┌────────

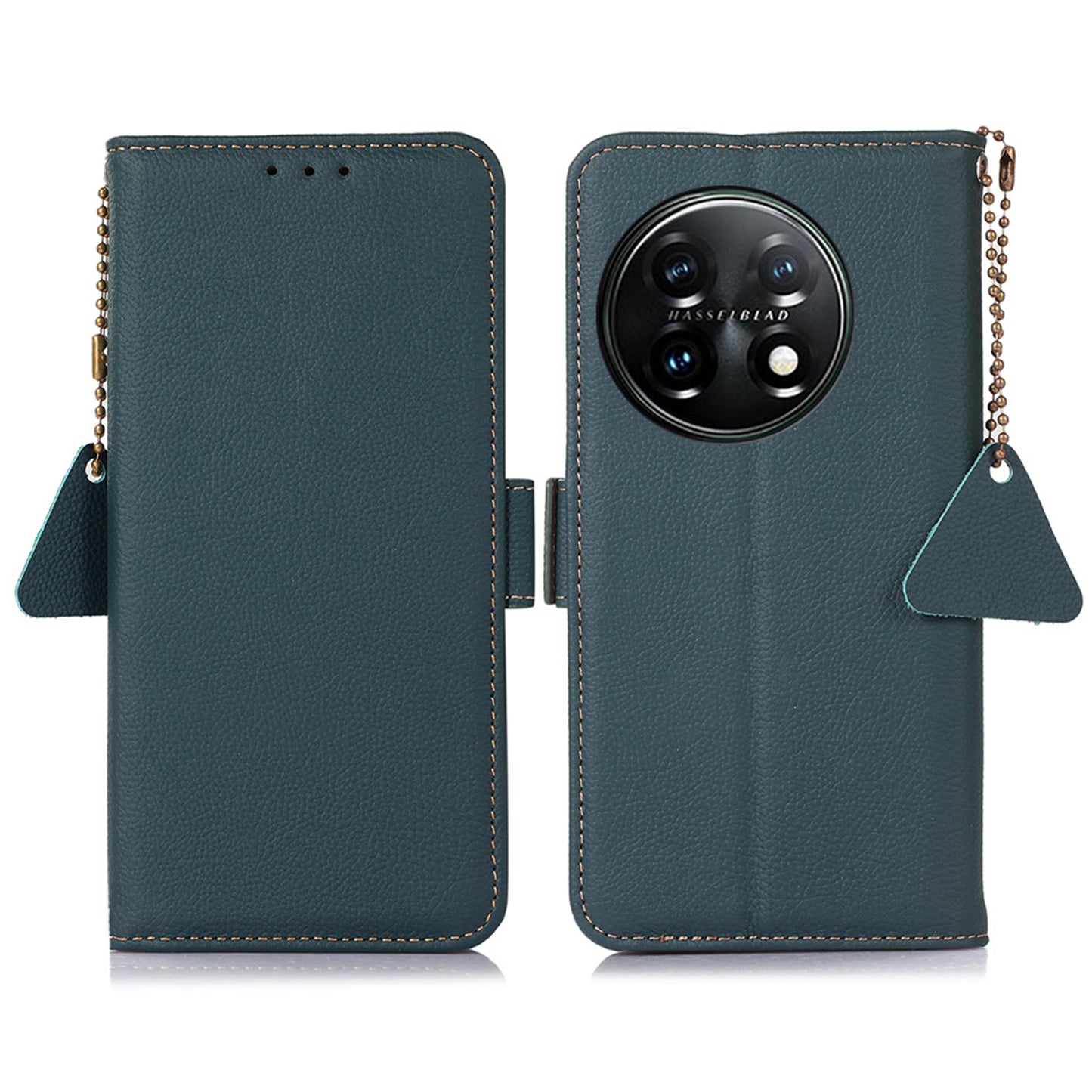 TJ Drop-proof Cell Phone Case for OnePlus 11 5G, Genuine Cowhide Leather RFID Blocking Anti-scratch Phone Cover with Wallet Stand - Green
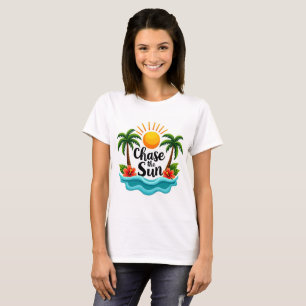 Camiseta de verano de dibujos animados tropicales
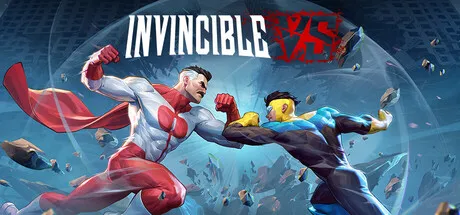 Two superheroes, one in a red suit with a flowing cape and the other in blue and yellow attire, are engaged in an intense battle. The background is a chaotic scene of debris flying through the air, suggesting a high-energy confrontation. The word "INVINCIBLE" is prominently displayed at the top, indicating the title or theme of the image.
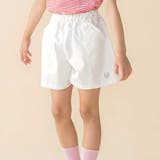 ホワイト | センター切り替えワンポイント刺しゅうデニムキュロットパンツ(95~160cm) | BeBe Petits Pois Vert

└────────
┌────────

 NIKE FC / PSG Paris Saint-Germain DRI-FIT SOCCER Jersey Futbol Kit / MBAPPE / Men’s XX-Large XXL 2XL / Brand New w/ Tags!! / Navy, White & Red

└────────

*What is expected*.
Nothing but the lines above from the one that has "Two superheroes, one" down to the one that has "ホワイト | センター切り替えワンポイント刺しゅうデニムキュロットパンツ(95~160cm)" belongs in the answer, copied exactly, without pictures.

*Written response*.
 Two superheroes, one in a red suit with a flowing cape and the other in blue and yellow attire, are engaged in an intense battle. The background is a chaotic scene of debris flying through the air, suggesting a high-energy confrontation. The word "INVINCIBLE" is prominently displayed at the top, indicating the title or theme of the image.
 ホワイト | センター切り替えワンポイント刺しゅうデニムキュロットパンツ(95~160cm) | BeBe Petits Pois Vert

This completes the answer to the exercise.